Regarding X-Forwarded-Proto in https://github.com/jupyterhub/jupyter-rsession-proxy/issues/95#issuecomment-730646393, I considered altering this header value to avoid the problematic behavior, but this could turn into whack-a-mole. For example we could have jupyter-server-proxy set the header to http (since that is how it is being served here), but a later version of RStudio my decide it doesn't want to be served that way. If X-F-P was always http, RStudio would think that the client wasn't communicating over https and issue a redirect to the https endpoint. This would cause a loop.

So I'm thinking that the right way forward is to discuss the X-F-P behavior with RStudio.

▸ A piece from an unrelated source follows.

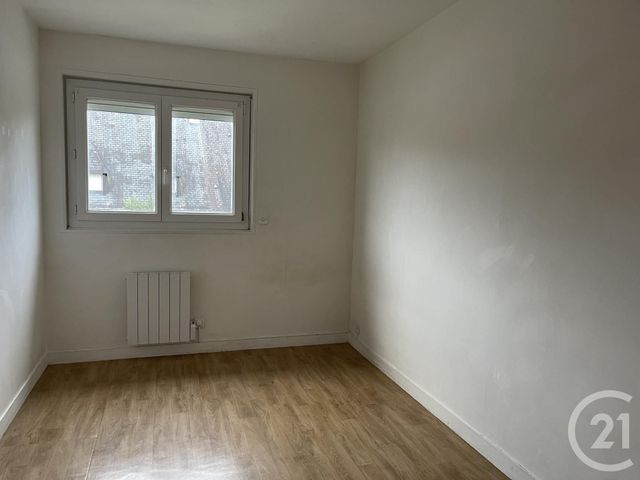 maison à louer - 4 pièces - 96.0 m2 - CARQUEFOU - 44 - PAYS-DE-LOIRE - Century 21 C.A.I.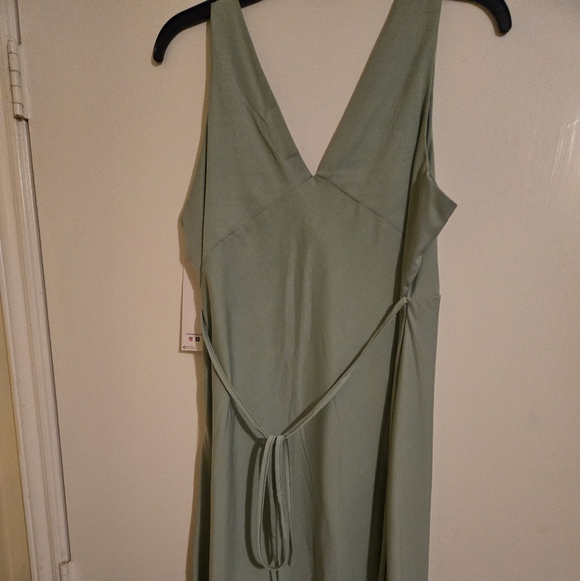 NWTElegant Green Sleeveless Dress - Picture 2 of 2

Also, I'm aware that I have turned my issue into "fix all 1.4 related proxy things" which I shouldn't have. Sorry about that. I'll commit either my or @blairdrummond's root path patches and then create a new issue for X-Forwarded-Proto.

cboettig commented 3 years ago

Thanks much @ryanlovett . Definitely support touching base with the RStudio team on this. As you know they've always been very responsive in the past!

ryanlovett commented 3 years ago

Created #96 to address the root path issue. But again, I don't think this is enough for the extension to work with RStudio 1.4 in all places, based on the X-Forwarded-Proto issue.

ryanlovett commented 3 years ago

I've created https://github.com/rstudio/rstudio/issues/8888 which is a very appropriate number for a jupyter-related issue!

ryanlovett commented 3 years ago

I'm wondering if it'd be simpler to just immediately send the user to /rstudio/auth-sign-in?appUri=%2F without waiting for RStudio to do it for us. I don't know what the downsides are of visiting this more than once, but it doesn't seem to hurt.

Robinlovelace commented 3 years ago

Just catching up on this and wanted to say huge thanks @ryanlovett and everyone involved in getting Binder/RStudio to play. If you want any testing or help in any way I'm keen, although this is a bit over my head. Will greatly help people trying to organise teaching sessions in reproducible and accessible environments for people with diverse backgrounds.

ryanlovett commented 3 years ago

Fixed by #96, but we still have the X-Forward-Proto issue in #97.

ryanlovett commented 3 years ago

Oh, and just to underscore a new note in the docs:

If you want to use RStudio 1.4.x, you need to set the RSESSION_PROXY_RSTUDIO_1_4 environment variable. This adds additional parameters to the execution of rserver.

vnijs commented 3 years ago

Thanks @ryanlovett! Question: What should you set RSESSION_PROXY_RSTUDIO_1_4 to? A path? True?

ryanlovett commented 3 years ago

@vnijs Sorry, you can just set it to be anything, e.g. 1, yes, no, false. It just can't be the empty string.

ryanlovett commented 3 years ago

@manics absolute_url=True has no effect on the auth issue unfortunately. :(

ShichenXie commented 3 years ago

@vnijs Sorry, you can just set it to be anything, e.g. 1, yes, no, false. It just can't be the empty string.

Thanks. I have a question, where can we set the environment variable RSESSION_PROXY_RSTUDIO_1_4? Insert the following line into the dockerfile? ENV RSESSION_PROXY_RSTUDIO_1_4=yes

ryanlovett commented 3 years ago

@ShichenXie Yep, that'd work.